Claudine Nicolas & Sofia Stratilaki-Klein

Avec le concours de Luana Figueredo Pires et Marion Perier

Voilà une publication étonnante et exemplaire à plus d’un titre… et qui se présente en effet sous deux titres ! D’un côté Plurilinguisme et inclusion scolaire. Rapport scientifique (Sofia Stratilaki-Klein / Claudine Nicolas) et, de l’autre côté, La prise en compte du plurilinguisme dans l’inclusion scolaire. Guide de formation (Claudine Nicolas / Sofia Stratilaki-Klein). Et les deux côtés doivent aussi s’entendre au sens propre : la version imprimée de l’ensemble réunit en une seule brochure les deux composantes, mais les réunit tête-bêche.

Légère distinction des titres, inversion des noms, bascule entre deux textes sous un même volume, mais le tout relevant d’un seul et unique projet. Original pour le moins. Pas de hiérarchie entre le Rapport de recherche et le Guide de formation ; nulle perspective applicationniste. Les deux démarches font bloc et entrecroisent leurs auteurs, mais, si on donne sens à la matérialité du volume, se tournent le dos, comme en tension dans leur complémentarité bifrons, leur juxtaposition en tension.

Mais un même projet, lui-même composite quant à ses lieux institutionnels et de soutien : l’Académie de Paris, dont le Casnav de Paris, le groupement d’intérêt public Formation continue et insertion professionnelle, l’université de la Sorbonne nouvelle, un financement du Fonds social européen… et, bien évidemment, les écoles qui ont été un terrain d’enquête, tout particulièrement pour des entretiens avec différents acteurs de la communauté éducative.

Sous des angles différents, l’enjeu est celui de la formation des intervenants en contexte scolaire, au premier chef des enseignants et à travers eux, en dernière instance, l’inclusion réussie des EANA (enfants allophones nouvellement arrivés).
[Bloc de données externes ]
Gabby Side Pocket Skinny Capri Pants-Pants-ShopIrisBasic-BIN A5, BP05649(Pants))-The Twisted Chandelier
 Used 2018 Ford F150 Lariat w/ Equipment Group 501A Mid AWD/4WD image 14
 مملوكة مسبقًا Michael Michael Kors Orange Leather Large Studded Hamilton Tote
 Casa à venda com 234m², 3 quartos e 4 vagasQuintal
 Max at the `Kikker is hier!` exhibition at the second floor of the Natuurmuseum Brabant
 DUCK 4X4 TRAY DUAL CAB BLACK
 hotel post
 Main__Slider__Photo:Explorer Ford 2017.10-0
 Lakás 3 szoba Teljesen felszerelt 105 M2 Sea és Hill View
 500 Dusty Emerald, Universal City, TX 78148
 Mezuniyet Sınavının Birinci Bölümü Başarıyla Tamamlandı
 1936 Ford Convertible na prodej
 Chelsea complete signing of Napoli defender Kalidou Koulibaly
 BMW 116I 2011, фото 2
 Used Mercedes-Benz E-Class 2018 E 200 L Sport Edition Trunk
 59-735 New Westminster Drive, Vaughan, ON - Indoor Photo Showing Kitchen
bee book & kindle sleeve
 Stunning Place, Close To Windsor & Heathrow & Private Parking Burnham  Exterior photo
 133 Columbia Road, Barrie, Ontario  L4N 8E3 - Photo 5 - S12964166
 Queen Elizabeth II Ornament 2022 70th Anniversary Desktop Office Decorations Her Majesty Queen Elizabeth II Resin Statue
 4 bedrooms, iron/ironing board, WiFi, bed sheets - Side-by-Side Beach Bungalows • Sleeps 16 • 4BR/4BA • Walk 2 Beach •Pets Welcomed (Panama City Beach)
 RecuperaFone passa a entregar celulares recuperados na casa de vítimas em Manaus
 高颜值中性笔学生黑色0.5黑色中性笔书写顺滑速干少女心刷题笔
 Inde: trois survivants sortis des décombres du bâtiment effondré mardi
A partir des résultats de recherches et d’interventions montrant l’importance de la prise en considération des langues dont sont porteurs les enfants allophones et en relation à des notions comme celle de compétence plurilingue, il s’est agi, d’une part, de conduire sur plusieurs années l’enquête de terrain à la base du Rapport scientifique et, d’autre part, de proposer des outils et une démarche d’intervention, dont le Guide de formation offre une réalisation concrète.

L’enquête, essentiellement qualitative dans son exploitation, a permis de relever dans les productions des témoins la manifestation de représentations relatives au plurilinguisme, aux compétences des enfants, aux usages familiaux et scolaires, au rapport à l’apprentissage de la langue de scolarisation, le français. La recherche porte sur un petit nombre de personnes : enfants, parents, enseignants, chefs d’établissements, inspectrice… Le recours à la biographie narrative comme un des instruments d’enquête en direction des parents et des élèves et une certaine prise en considération du longitudinal (enquête de terrain en 2017 et en 2019) mettent au jour des évolutions dans les représentations et les pratiques et conduisent à dégager quelques profils-types, exemplifiés et illustrés par des extraits d’entretiens.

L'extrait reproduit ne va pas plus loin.